The biggest and most rewarding benefit of cold process soap is that you make it completely from scratch.  You control each and every aspect of the soap from beginning to end.  Because cold process soap directly relies on a chemical reaction to occur, ingredients and measurements have to be exact.  Each component of your cold process soap has a specific SAP value.  This value is the amount of lye needed to saponify each oil in your recipe.  Therefore, it is impossible to swap out anything or add anything once your lye water ratio has been figured out.  Adding a little too much lye can result in soap that is lye heavy.  This means that the ph level will be very high, and it could result in burns or irritation to your skin.  On the opposite end, adding too much oil can result in bars that are soft and greasy due to the unreacted oils.   CP recipes usually contain either palm oil or coconut oil, or both.  Their values in any recipe are generally 20-30%.  This is because these oils provide for a bar of soap that is gentle, lathers, and cleans.

With CP soaping it is very important to know how a fragrance oil will affect the mixture.  Some fragrance oils cause soap batter to accelerate trace, rice, discolor, or will seize the batch (become soap-on-a-stick).  Vice versa, there are also fragrance oils that do not adversely affect the soap batter, and allow for plenty of time to decorate.  Swirling is one decoration technique that requires soap batter that is slow to trace.  Trace can be affected by the actual soaping oils used in your recipe, the temperature of your lye solution, the temperature of your soaping oils, and by the fragrance oil you select.  This type of artistry provides an exclusive look that is almost impossible to duplicate again.  Columning and funneling can also be used with cp soap batter for a very unique look.

Since CP soap must undergo the saponification process, color morphing can become an issue.  FD&C or D&C dyes tend to morph (change color) in the presence of lye.  Oxides and ultramarines can withstand the high ph environment of the saponification process, and are much less likely to morph in CP soap.  Depending on the ingredients found in mica pigments, you will find some micas that do not morph in CP soap, and some that do.  To easily test to see if your color choice will morph in CP soap, you can always add a small amount of your color to a small amount of lye mixture and observe any changes.  This will save you the frustration of ruining an entire batch of soap that is colored a color you do not desire.

HP Soap

HP soaping is the second most popular process of crafting soap.  With this process you now have the control of what goes into the soap like CP provides with the ready-to-use-now element of M&P soaps.

Hot Process soap has steps very similar to the CP soap steps, but varies in that you are adding heat to the equation to speed up the saponification process.  The HP process includes: making your lye water mixture, adding your oils to the heat source, blending the lye water and oils together, stir, cook, stir, stir, stir, add fragrance/ additives, stir some more.  With this process, it is not until the soap batter is closer to a solid than a liquid that it is scooped and packed into a mold.  Since the saponification process has already completed from the heat, there is no need to insulate your mold.

This process is done in a crock pot or on a stove top.  Crock pots are recommended over stove tops because a crock pot allows for slow, even heating of the batter and it is less likely to scorch.  The most important key to remember when doing this method is to stir and stir often.  One of the biggest benefits of this heat addition is that it does not require a curing period.  Although, for harder, milder bars that will last longer, Natures Garden suggests that you allow these bars to cure for at least a week before using.

The finished soap bars of the hot process have a very rustic appeal.   The soap bars individually are not completely uniform in shape nor are they completely smooth.  This is due to the scoop and pack method of filling the molds.  Color morphing, like experienced in the CP method, can also be a problem.  Therefore, choosing colorants that can withstand high ph environments is a must when making HP soap.
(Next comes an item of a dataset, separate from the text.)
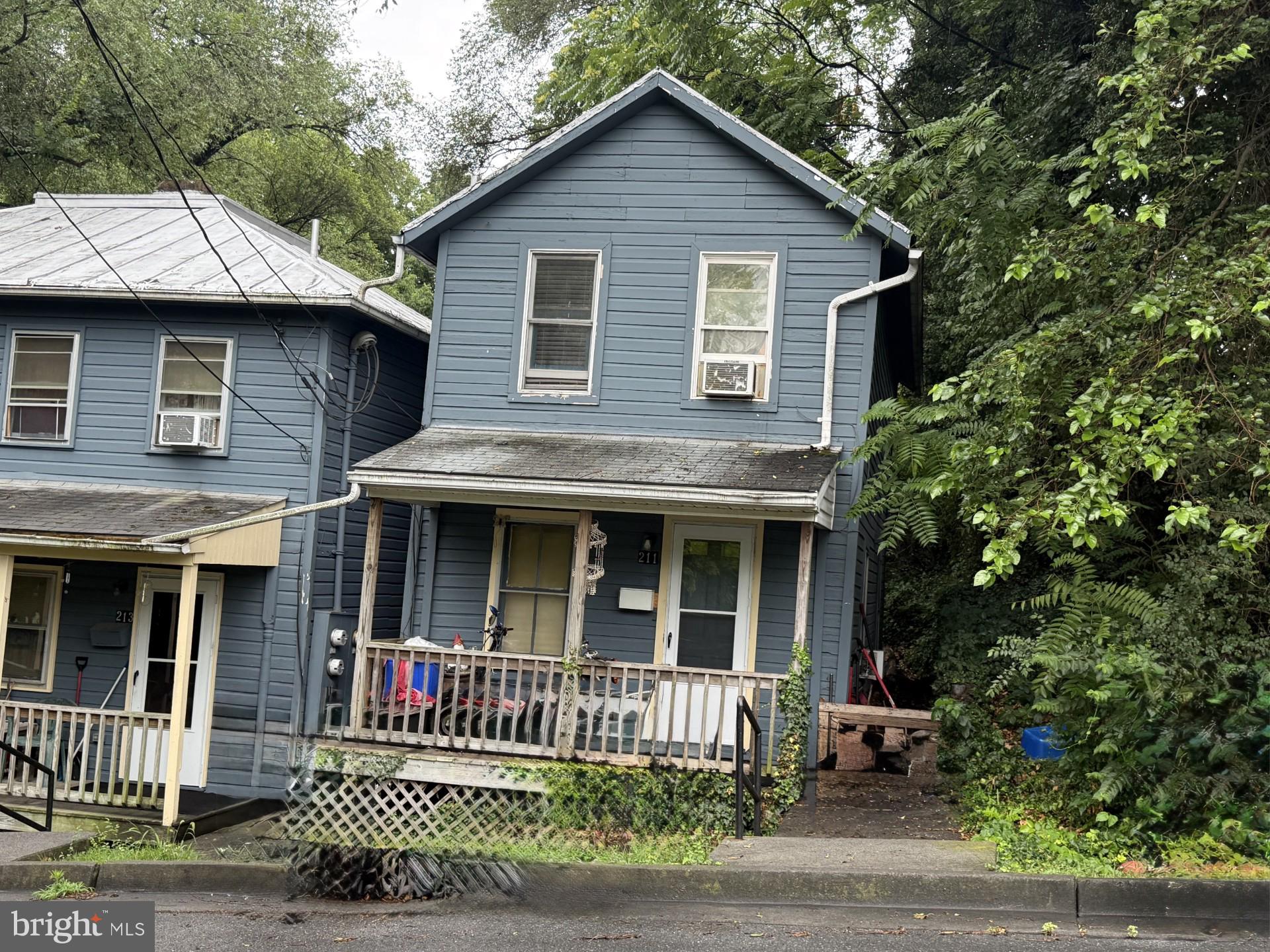 211, 213-215 E CLIFFORD STREET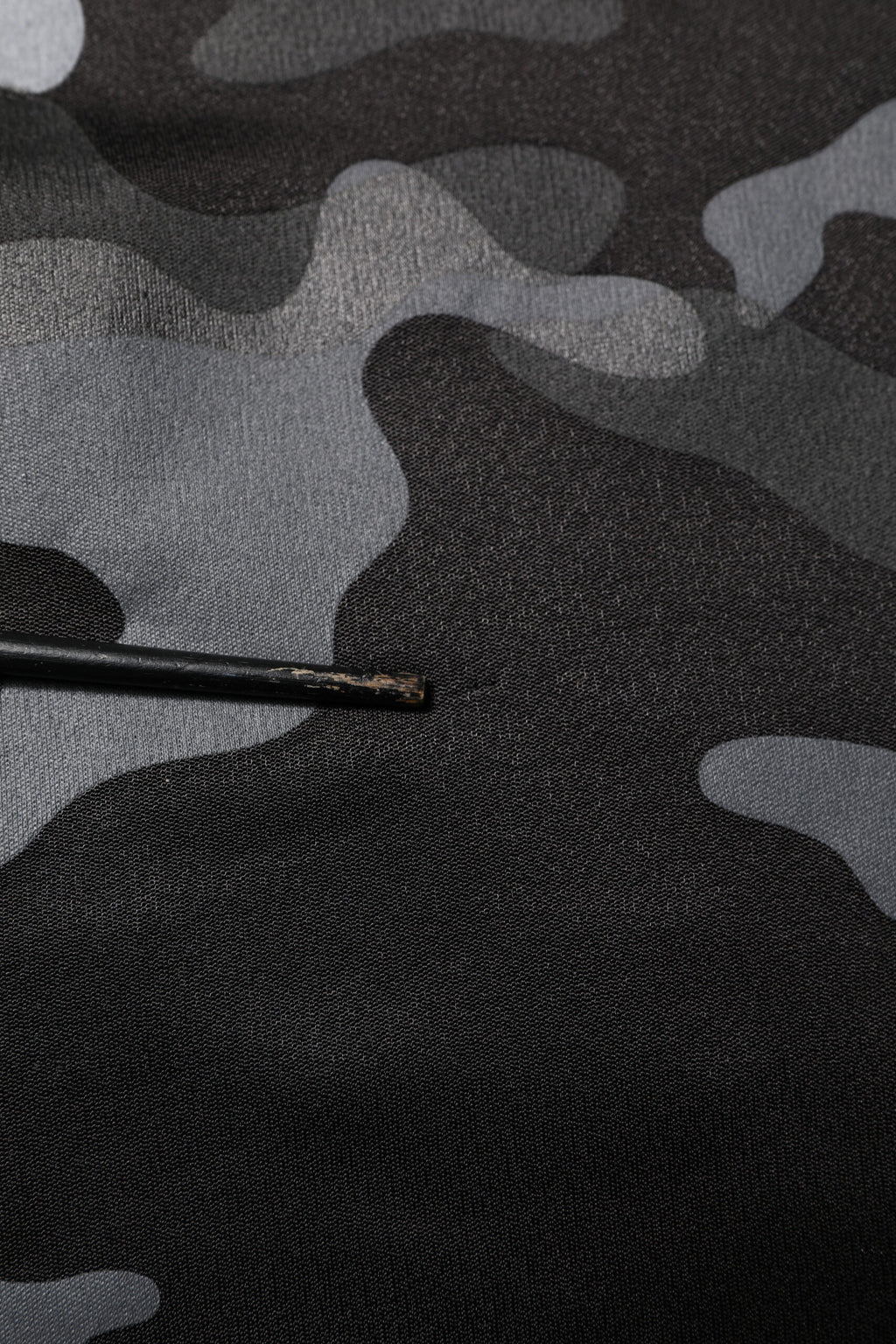 Pull à capuche Dolce & Gabbana en camo noir, sweat-shirt décontracté avec logo, tissu doux et style moderne.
Getting uniform coloring throughout your bars of soap will be more challenging with HP than with CP.

CPOP Soap

Often dubbed as the best of both worlds, CPOP, or cold processed oven processed soap allows for cold processed soap to saponify quicker with the extra step of heat and therefore directly shortens the cure time.   This is a very good method for soap crafters who love to do CP without the long wait of cure time.

The CPOP method includes:  preheating your oven to 170 degrees F, making a lye water mixture, mixing your oils, blending the lye water and oils together- bringing it to a very light trace, adding fragrance and/or color, molding, baking for 1- 2 1/2 hrs, turn off the oven, and let it sit for 24 hours in oven.  Finally, remove, cut, and start the cure time of 4 weeks.  This cure time allows for milder, harder bars of soap that will last longer.

Visually, CPOP soap bars are very close to that of CP bars.  The only slight difference is that the tops of CPOP bars are not as smooth as CP ones.  CPOP soap can appear dry on top, but this can easily be remedied by spraying the tops of the soap with rubbing alcohol.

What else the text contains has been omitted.